2.      Member States shall be released from the obligation to place at the disposal of the Commission the amounts corresponding to established entitlements which prove irrecoverable either:

(a)      for reasons of force majeure; or

(b)      for other reasons which cannot be attributed to them.

Amounts of established entitlements shall be declared irrecoverable by a decision of the competent administrative authority finding that they cannot be recovered.

Amounts of established entitlements shall be deemed irrecoverable, at the latest, after a period of five years from the date on which the amount has been established in accordance with Article 2 or, in the event of an administrative or judicial appeal, the final decision has been given, notified or published.

Amounts declared or deemed irrecoverable shall be definitively removed from the separate account referred to in Article 6(3)(b). They shall be shown in an annex to the quarterly statement referred to in Article 6(4)(b) and[,] where applicable, in the quarterly statement referred to in Article 6(5).
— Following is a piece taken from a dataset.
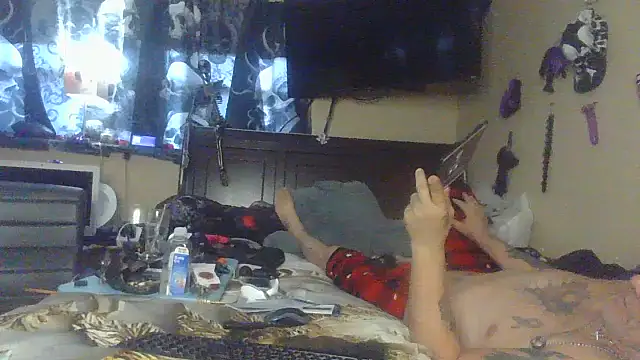 Snapshot of bigdaddyrooster chatting on 01/07/26, 10:26 bigdaddyrooster online show from 01/07/26, 10:26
3.      Within three months of the administrative decision mentioned in paragraph 2 or in accordance with the time limits referred to in that paragraph, Member States shall provide the Commission with information on those cases where paragraph 2 has been applied provided the established entitlements involved exceed EUR 50 000.

This report, which shall be made on a form to be produced by the Commission after consulting the committee referred to in Article 20, shall include all the facts necessary for a full examination of the reasons referred to in paragraph 2(a) and (b), which prevented the Member State concerned from making available the amounts in question, and the recovery measures the Member State took in the case or cases in question.

4. The Commission has six months from the receipt of the report provided for in paragraph 3 to forward its comments to the Member State concerned.

…’

–       The Court of Justice’s interpretation

78      It is apparent from Article 8(1) of Decisions 2000/597 and 2007/436 that the European Union’s own resources referred to in Article 2(1)(a) and (b) of Decision 2000/597 and in Article 2(1)(a) of Decision 2007/436 are collected by the Member States, who are obliged to make them available to the Commission (see, to that effect, judgment of 8 July 2010, Commission v Italy, C‑334/08, EU:C:2010:414, paragraph 34).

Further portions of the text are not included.